「心を抉る映画」 ~続~

前回からの続きです。

 

「流浪の月」こちらの映画も深く重い映画でした。

 

雨の日の公園で出会った「文(ふみ)」と「更紗(さらさ)」。19歳の青年が「家に帰りたくない」と言う9歳の「更紗」を家に連れて帰る。そこから二人だけの穏やかな暮らしが始まるが、当然「誘拐事件」として扱われ、二人の暮らしも二ヶ月で終わりを告げる。

 

※ここからは「ネタバレ」を含みますので、ご注意下さい↓↓

 

 

そんな二人が15年後、偶然に再会する。
お互いに「恋人」がいる状況の中、更紗は文が営む喫茶店に通う様になる。

 

「文」と「更紗」。
二人は15年前の「加害者」と「被害者」というカテゴリーに分けられ、「ロリコン男」と「かわいそうな子」という目で見られていた。

 

ステレオタイプなレッテルを貼る世間は、二人に優しいようで冷たく、そして厳しい。そんな集団意識の怖さ。どんな出来事にも「真実」は人の数だけ存在するというのに、誰もそれを「想像」しようとしない。社会という集団の中では、どんな「真実」も法律の元に裁かれ差別されていく。

 

あの雨の日に「逃げ場所」を提供してくれた文は、更紗にとって救世主だったろう。この映画で考えさせられたのは「表面的な出来事だけで人を判断しない」「別の真実を想像してみる」という事。私がこの映画の「世間」という登場人物であれば、間違いなく彼らをそういう「色メガネ」で見ていただろう。それが恐ろしくもあった。

 

私たちはTVやニュースでこういう事件を知り、その犯人像を知り、被害者を知る。
メディアの情報に「操作」され「誘導」されている、という事を常に念頭に置いておかなければ、いとも簡単に思考を乗っ取られてしまう。

 

その事件の「表層」だけを見て「加害者」と「被害者」を「善・悪」に置き換えてしまい、感情論だけで彼らを判断してしまうという癖を持っている。「人間」とはそういう思考に流される生き物であり、それは一つの「洗脳」だ。それはとても「恐ろしい」事だと私は思った。

 

文と更紗は、互いに深い傷を抱えて生きてきた。
「男性機能の成長が止まる」という病を抱えた文と、叔母の家でその息子から性的嫌がらせを受けていた更紗。

 

それは誰にも言えない・・・或いは「知られたくない」悩みだった。

 

誰にも「人に知られたくない自分」というのを持っていると思う。
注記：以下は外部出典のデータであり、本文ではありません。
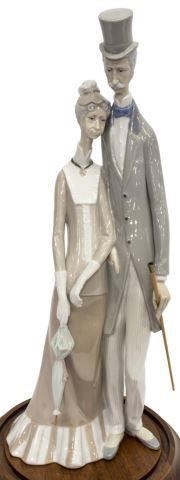 LLADRO PORCLEAIN FIGURE, OLD AGE COUPLELladro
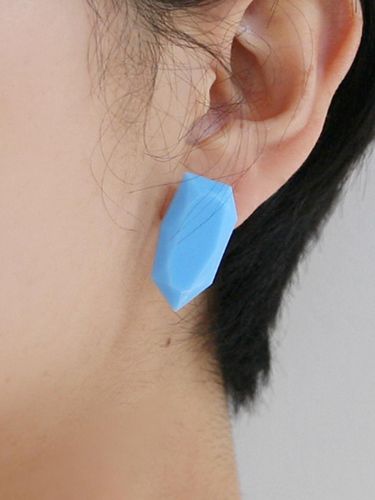 Geometric Lightweight 28mm Polygon Earrings [Aqua] - FANTASTIC PLANET - Modalova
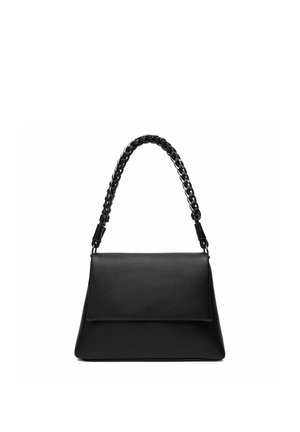 Schwarze Lederhandtasche mit Klappverschluss und geflochtenem Kettenhenkel, vor weißem Hintergrund gezeigt.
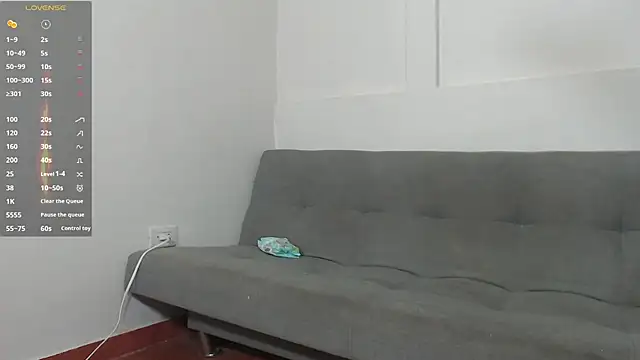 Snapshot of Aaron_Hunter_ chatting on January 15, 8:16 pm Aaron Hunter online show from January 15, 8:16 pm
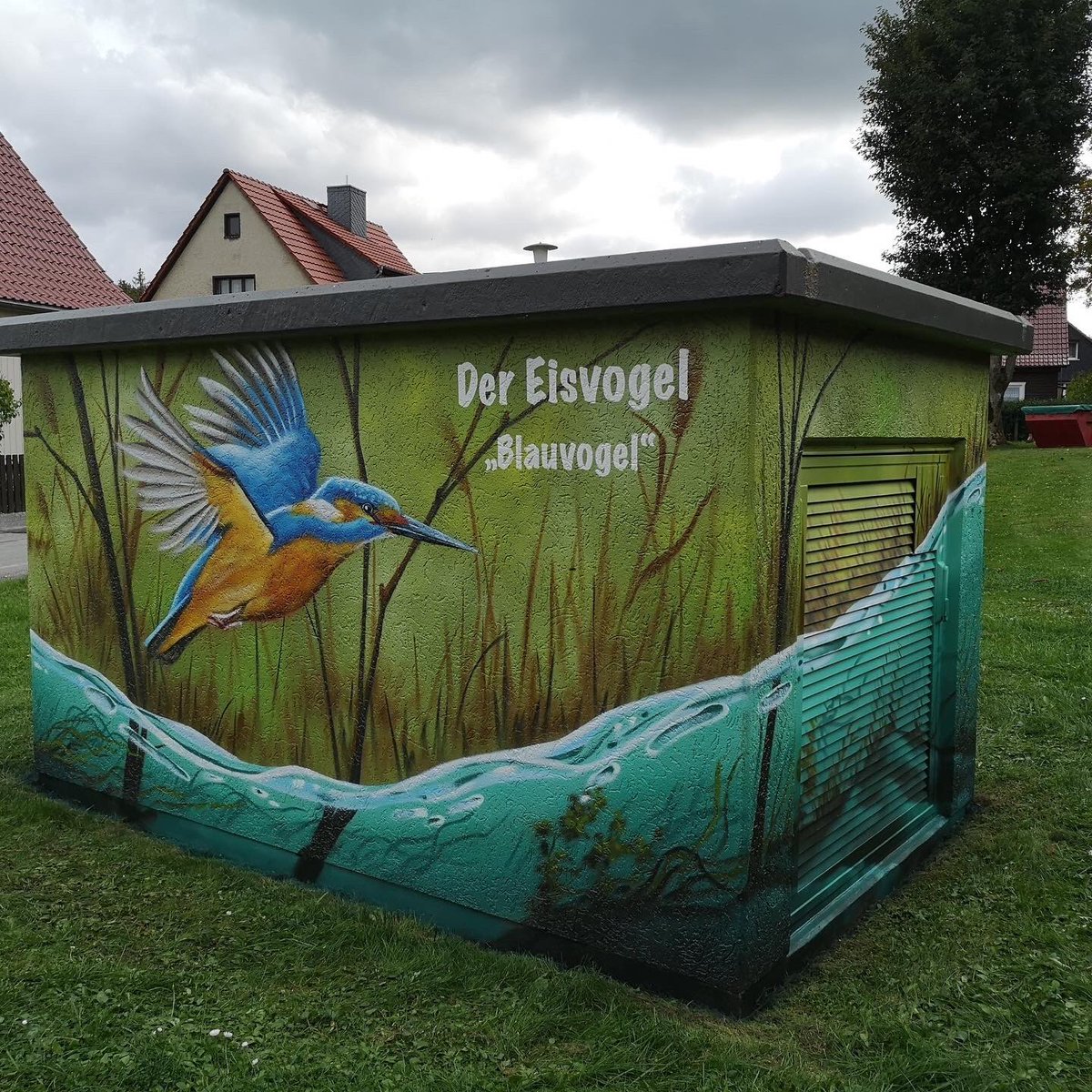 CoraLandshuter's tweet photo. Platz 2 bei unserer #Trafowahl 2021 geht an die #Trafokunst aus #Hasselfelde #Eisvogel
https://t.co/1G7KC76dgj https://t.co/W9FVh9XNux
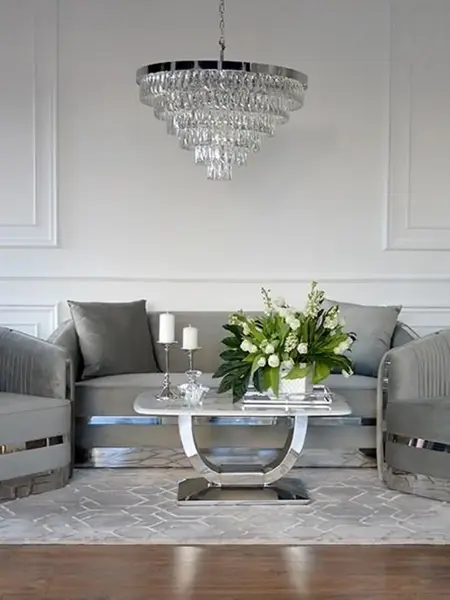 Widok z góry na sofę, ukazujący jej kształt i styl. Ekspozycja w salonie przez Primavera Home.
「理解してもらいたい」というより、そんな自分を知られる事で「嫌われる」という恐怖感の方が強い。

 

この映画で表現されているのは、あらゆる角度から捉えている「人間の弱さ」
自分の中にある認めたくない更紗の「事実」と、文の男性としての「劣等感」。
互いの傷に触れるでもなく、ただ寄り添い合う二人がとても愛おしい。

 

恋愛感情ではない「情愛」のような、兄妹のような不可思議な関係性だけれど、そういう男と女の関係があってもいい。そして、そんな人間同士が寄り添い支え合う事が許容され、それを見守る社会であって欲しい・・・と切に思った。

 

ラストシーンで、共に生きる事を選びながらも弱気な文に対し、更紗が明るく
「また流れていけばいい」と笑顔で言ったのが印象的だった。